Hour 25: Time to leave the tree-house. My first zip-line out of the day (and without any sight of a guide or experienced person around), I crashed into the landing zone and almost chopped my legs off below the knee – I hadn’t braked enough and was sent crashing into the VERY low landing platform. No one was there to help me, and so I had to pull myself up, crying, to stand up. I called for Scott to zip over from the tree-house to come inspect my damage – I was scraped on my shin and had two goose eggs, on each leg, the size of a grapefruit. I had done some serious damage to myself.

Hour 26: We eat a pretty gross breakfast that felt more like dinner (Pad Lao, rice, roast potatoes) down by the waterfall – this created some issues in that many of us required the use of a toilet without one being readily available. Many of us decided to go in the bush. Remember that the bush is leech infested.

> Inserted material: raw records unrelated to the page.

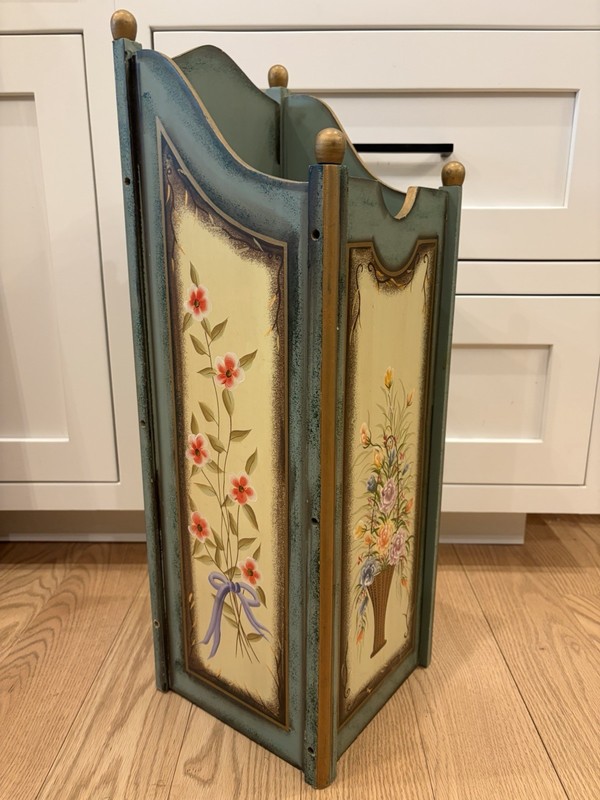 VTG MCM Victorian Art Tole Hand Painted Umbrella Holder Rare HTF Cottage Core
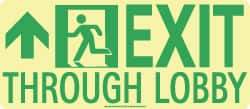 NMC - Exit Through Lobby, Polyester Exit Sign - 16" Wide x 7" High, Glow-in-the-Dark - Makers Industrial Supply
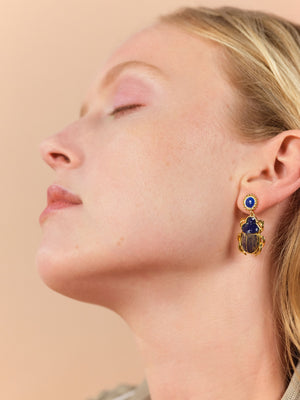 Sacred Egyptian Blue Scarab Beetle Post Earrings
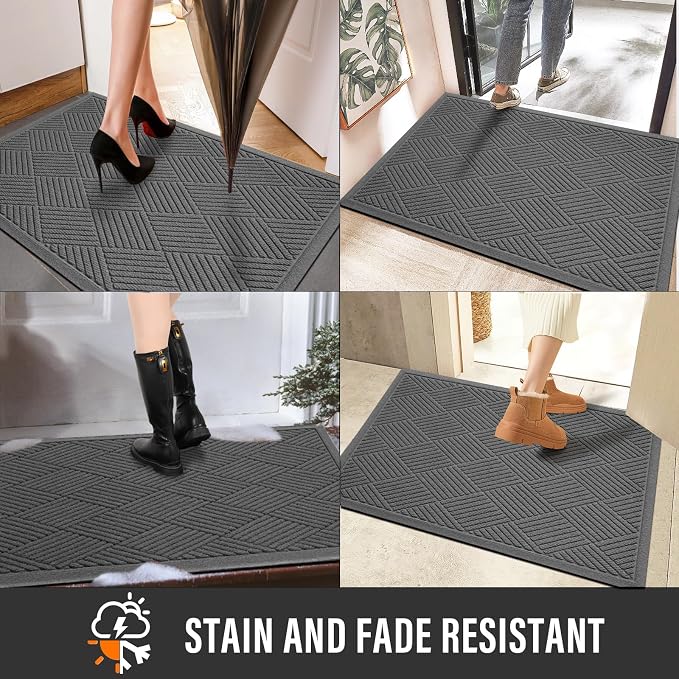 Sturdy Front Door Mat, Absorbent Muddy Dirt Resist Welcome Door Mats Outdoor - Image 5
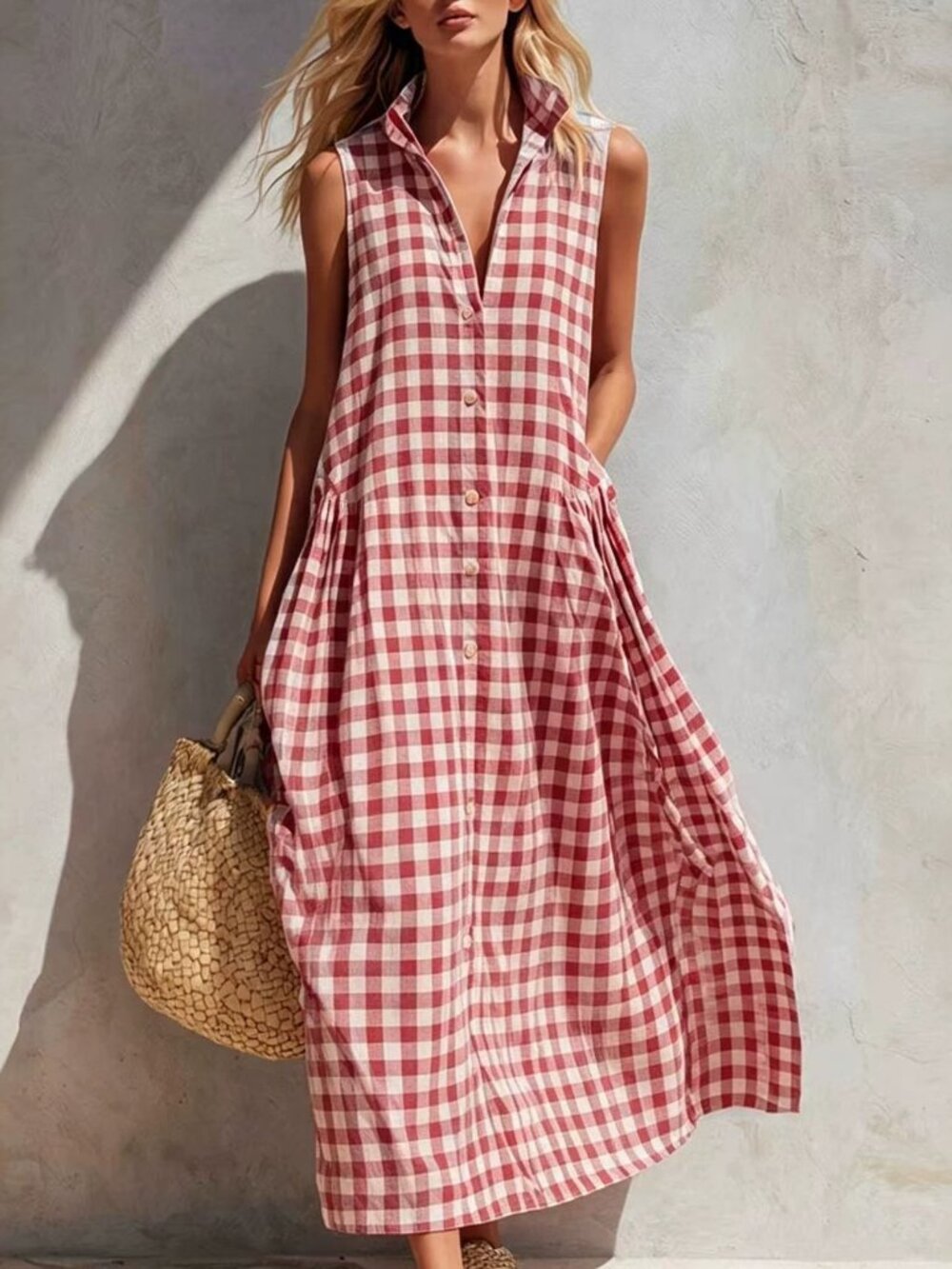 Women's Red Gingham Collared Sleeveless Relaxed Maxi Dress
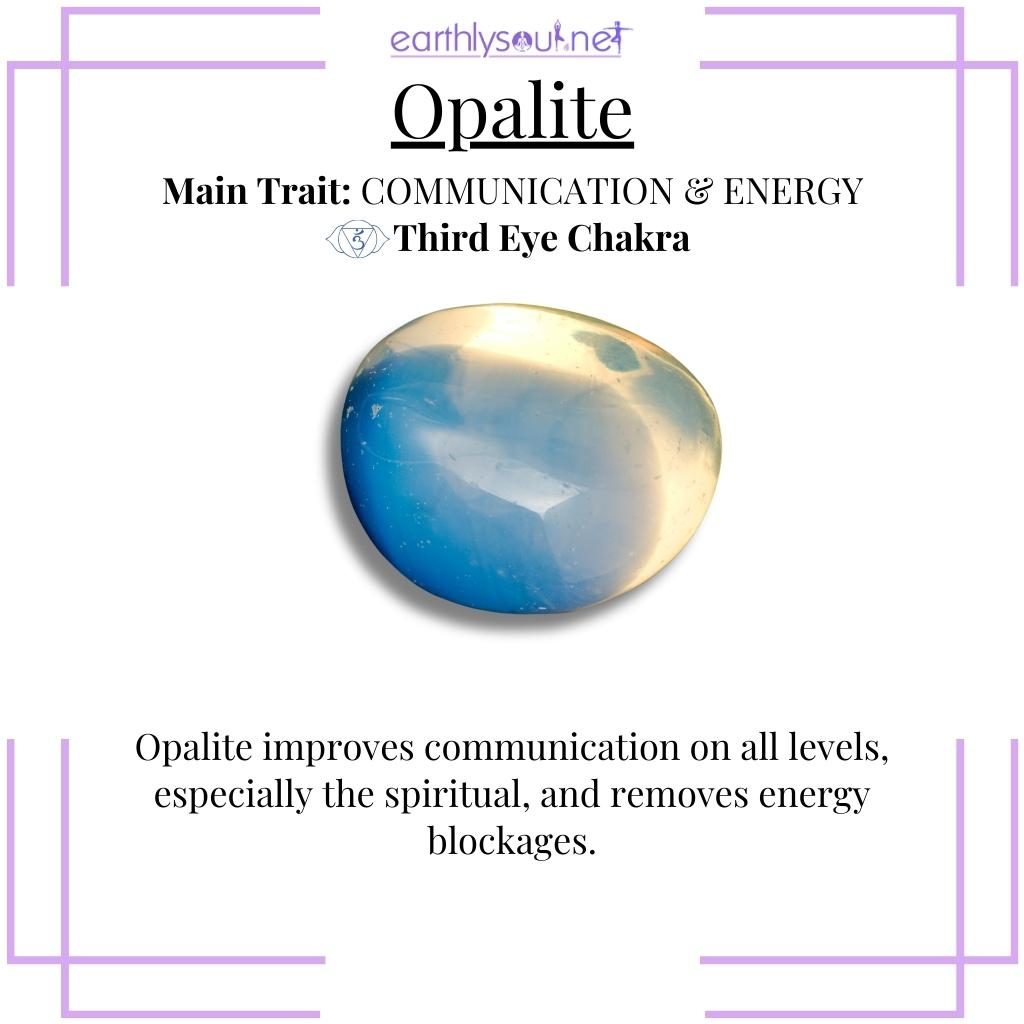 Translucent opalite crystal for clear communication and energy flow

Blood from one of Kenna's five leech wounds that wouldn't stop bleeding

Blood from one of Kenna's five leech wounds that wouldn't stop bleeding

Hour 28: After another two-hour hike, and for me, on semi-broken legs, we arrive at the base-camp of our second tree-house for the night. At first, I noticed a very fat, blood-filled leech on the ground. I wasn’t sure where it came from. I then looked down at my pant leg, near my crotch, and noticed some blood. Again, I thought, “oh, I must have rubbed myself a bit with the zip-line harness. No biggie.” About five minutes later, I patted the bloody area, and felt a large glob of something – oh shit, I think it’s a leech. I proceeded to take off my pants in front of the boys and the Lao guides (thank god I had my bikini bottoms underneath, in anticipation of perhaps another swim in a stream) and discovered that I was infiltrated. I had not one, not two, but FIVE leeches stuck to my legs at various points, two of which were located in my underpants. Likely from my little escapade in the bush. They had been on me for over two hours, which means they had taken a lot of blood. The worst part about leeches is that they insert an anti-coagulant into you before they start sucking, so your blood runs like a hemophiliac for about an hour after you pull the thing off. My legs looked the worse for wear with blood streaming everywhere (not to mention the large tennis sized swellings on both of my shins)….and I was pretty traumatized at seeing so much of my own blood running down me. But time was not to waste – we had to strap back into our harnesses and get to our second tree-house for the night. So, back into my pants I went (after ensuring they were leech-free) and zipped into our second abris, this one 62 meters off the ground. This one was niiiicceee – we had full electricity, plumbing, and even a second storey which the boys named the “honeymoon suite” and gave to Scott and I. We had really traded up for the night.

Zipping

Zipping

Hour 30: After some rest and relaxation, all of the boys decide it is time to do some zipping. My legs were in no condition to take me anywhere, so I decided to stay behind and have a shower and chill. Unfortunately, this second house was INFESTED with bees. I don’t just mean that there were a few here or there, there were hundreds of them. And I was the only warm-blooded, sweet smelling (ok, maybe not sweet by this point) creature in the tree-house. Not only this, but the boys had taken all the shoes and harnesses away – for some reason, these items were the favourite play-toys of the bees and kept them away from me. I decided to have a shower, but the bees were everywhere and I couldn’t get much accomplished. Not only that, but after about two minutes in the shower I heard the most massive crashing sound, accompanied by an intense vibration – it felt like the tree house was tumbling below me. I ran from the shower and looked over the balcony – two huge trees across from me were biffing it and crashing to the ground. I started to freak – it looked like a zip-line was attached to them and I got really worried about Scott and the rest of the guys. I managed to get dressed and sat down in the middle of the tree house, while every bee in the place seemed to try to land on me.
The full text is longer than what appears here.